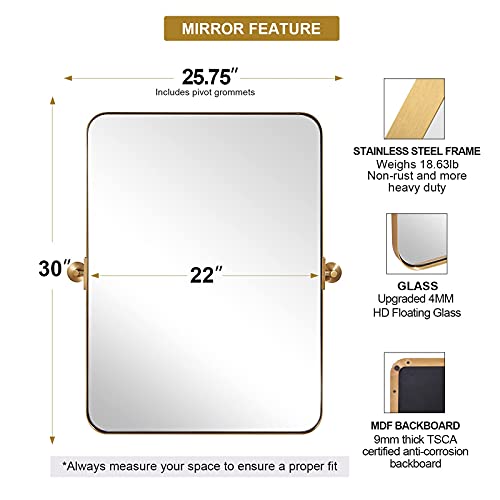 Moon Mirror 22" X 30" Brushed Gold Metal Framed Pivot Rectangle Bathroom Mirror For Wall Mounted, Tilting Rounded Corner Rectangular Vanity Mirror Hangs Vertical Only #TOP5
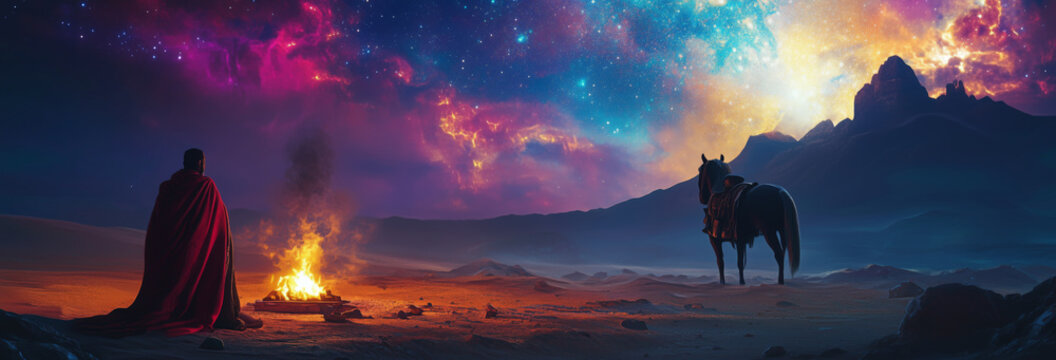 An inspiring scene of Khalid Ibn Al-Walid in a moment of reflection, standing by a campfire in the desert night.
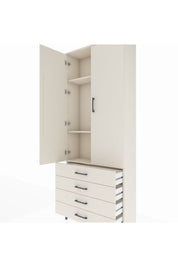 Arges Dolap 3 Raflı 4 Çekmeceli 2 Kapaklı 88x30x221 - S30M044V1A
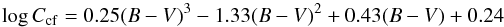 \begin{equation} \log{C_{\rm cf}} = 0.25(B-V)^3 - 1.33(B-V)^2 + 0.43(B-V) + 0.24 \end{equation}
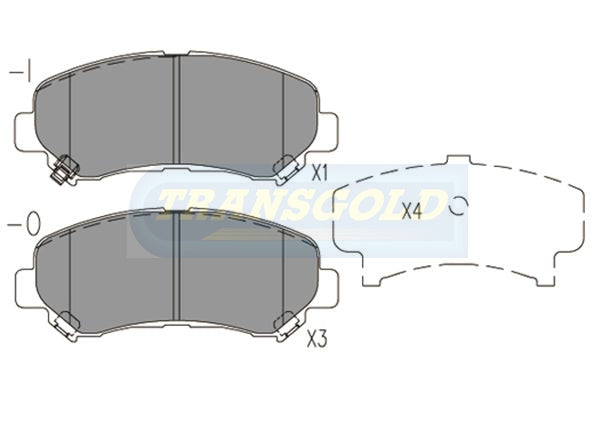 Brake Pads Front Fits Nissan Daulis 2.0 AWD Wagon 10/07-Now, X-trail T31 07-08 TG1946N - Transgold | Universal Auto Spares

• Your goal: Restate the data above word for word. Skip every picture.

• Finished task:
 Moon Mirror 22" X 30" Brushed Gold Metal Framed Pivot Rectangle Bathroom Mirror For Wall Mounted, Tilting Rounded Corner Rectangular Vanity Mirror Hangs Vertical Only #TOP5
 An inspiring scene of Khalid Ibn Al-Walid in a moment of reflection, standing by a campfire in the desert night.
 Arges Dolap 3 Raflı 4 Çekmeceli 2 Kapaklı 88x30x221 - S30M044V1A
 \begin{equation} \log{C_{\rm cf}} = 0.25(B-V)^3 - 1.33(B-V)^2 + 0.43(B-V) + 0.24 \end{equation}
 Brake Pads Front Fits Nissan Daulis 2.0 AWD Wagon 10/07-Now, X-trail T31 07-08 TG1946N - Transgold | Universal Auto Spares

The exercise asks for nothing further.